Re: [whatwg] Video with MIME type application/octet-stream

2010-09-07 Thread David Singer

And like I said before, please be careful of assuming our intent and desires 
from the way things currently work.  We are thinking, listening, and 
implementing (and fixing bugs, and re-inspecting older behavior in lower-level 
code), so there is some...flexibility...I think.

On Sep 7, 2010, at 9:12 , Maciej Stachowiak wrote:

 
 On Sep 7, 2010, at 3:52 AM, Philip Jägenstedt wrote:
 
 On Tue, 07 Sep 2010 11:51:55 +0200, And Clover and...@doxdesk.com wrote:
 
 On 09/07/2010 03:56 AM, Boris Zbarsky wrote:
 
 P.S. Sniffing is harder that you seem to think. It really is...
 
 Quite. It surprises and saddens me that anyone wants to argue for *more* 
 sniffing, and even enshrining it in a web standard.
 
 IE9, Safari and Chrome ignore Content-Type in a video context and rely on 
 sniffing. If you want Content-Type to be respected, convince the developers 
 of those 3 browsers to change. If not, it's quite inevitable that Opera and 
 Firefox will eventually have to follow.
 
 At least in the case of Safari, we initially added sniffing for the benefit 
 of video types likely to be played with the QuickTime plugin - mainly .mov 
 and various flavors of MPEG. It is common for these to be served with an 
 incorrect MIME type. And we did not want to impose a high transition cost on 
 content already being served via the QuickTime plugin. The QuickTime plugin 
 may be a slightly less relevant consideration now than when we first thought 
 about this, but at this point it is possible content has been migrated to 
 video while still carrying broken MIME types.
 
 Ogg and WebM are probably not yet poisoned by a mass of unlabeled data. It 
 might be possible to treat those types more strictly - i.e. only play Ogg or 
 WebM when labeled as such, and not ever sniff content with those MIME types 
 as anything else.
 
 In Safari's case this would have limited impact since a non-default codec 
 plugin would need to be installed to play either Ogg or WebM. I'm also not 
 sure it's sensible to have varying levels of strictness for different types. 
 But it's an option, if we want to go there.
 
 Regards,
 Maciej
 

David Singer
Multimedia and Software Standards, Apple Inc.
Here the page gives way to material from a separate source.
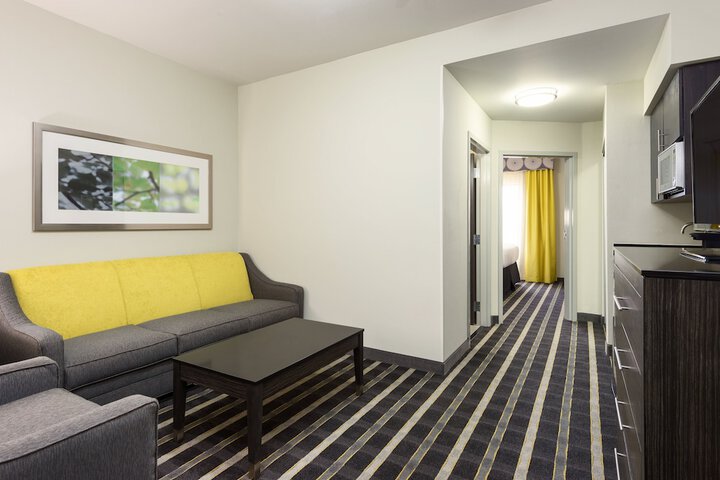 Room 14 of 38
Re: [whatwg] Video with MIME type application/octet-stream

2010-09-07 Thread Adam Barth

On Tue, Sep 7, 2010 at 3:01 AM, Julian Reschke julian.resc...@gmx.de wrote:
 On 07.09.2010 11:51, And Clover wrote:
 On 09/07/2010 03:56 AM, Boris Zbarsky wrote:
 P.S. Sniffing is harder that you seem to think. It really is...

 Quite. It surprises and saddens me that anyone wants to argue for *more*
 sniffing, and even enshrining it in a web standard.

 +1

-1

It sadden me when standards bodies ignore reality and leave
implementors to invent their own non-iteroperable algorithms for
security-critical behavior.

Adam

Re: [whatwg] Video with MIME type application/octet-stream


On 9/7/10 3:19 PM, Adam Barth wrote:

It sadden me when standards bodies ignore reality and leave
implementors to invent their own non-iteroperable algorithms for
security-critical behavior.


Of course nothing prevents us from saying UAs MUST NOT sniff but if they 
do anyway they MUST use a given algorithm, right?


-Boris

Re: [whatwg] Video with MIME type application/octet-stream

2010-09-07 Thread Aryeh Gregor

On Tue, Sep 7, 2010 at 5:51 AM, And Clover and...@doxdesk.com wrote:
Quite. It surprises and saddens me that anyone wants to argue for *more*
sniffing, and even enshrining it in a web standard.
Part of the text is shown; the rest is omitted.